Tuesday, June 08, 2010

June 4th ~ Ribadesella

Awoke to our first really cloudy day and quite a bit cooler. After breakfast, walked into town and walked above the town overlooking the estuary, to an Ermita (Church). Views of the mountains behind the town were obscured by cloud. We continued walking round the old quarter, which was delightful, with numerous 16th & 17th Century mansions built by wealthy traders returning from the Americas. We then did the Tito Bustillo caves, named after one of the potholers who discovered the caves in 1968, who died a few days later in a mountaineering accident. The caves remain in their natural state, with just a few dim lights to show the path, and a guide with a torch. The stalactites and stalagmites were spectactular, and the cave ran for about 1 kilometer . At the end were a number of cave paintings of horses, deer and wild cattle painted over 14,000 years ago> they are in such an amazing state of preservation that they are recognised as among the finest in the world, and of a high quality of artistic detail.

Back to the van for a late lunch and then back to the beach at low tide to find some dinosaur footprints.However,by the time we walked there , it was 90 minutes after low tide, and it was difficult to scramble over the huge boulder strewn beach, and gave up on the footprints. May try and find some more tomorrow.

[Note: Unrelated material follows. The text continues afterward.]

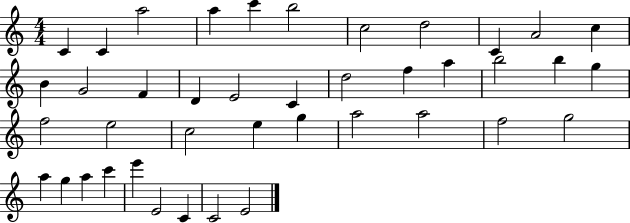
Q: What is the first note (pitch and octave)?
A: C4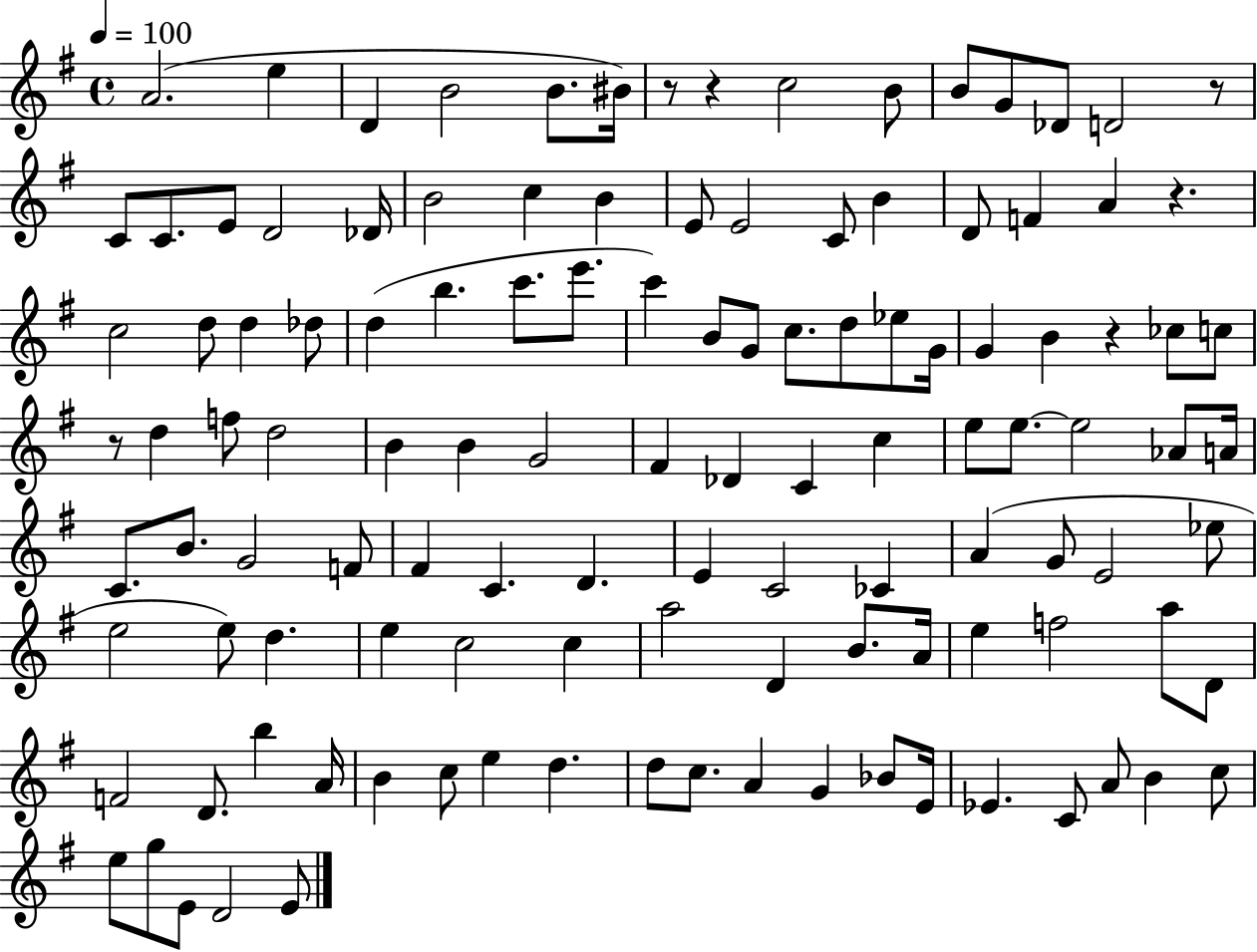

Walked on in to town and had a drink in a Sidreria (cider bar), as cider is a very popular in the Asturia Region. The rough 12% Sidra comes in an unlabelled bottle with a siphon devise inserted. You press a button with the glass for the sidra to be pumped at pressure into your glass, and you drink the “fizzy” sidra immediately. Chris had difficulty using this dispensing device, (see video!! Lol) and whether it was this method of serving the Sidra or its strength, he was quite mellow and tiddley after a 500ml bottle, and decided against another. Had a wander round the town, buzzing with children playing the squares, at the start of the weekend. After a cheap and cheerful meal and then walked up to the Ermita, hoping for a sunset and pics of the town at dusk. Returned to camp about 11pm, about an hour s walk back from the Ermita.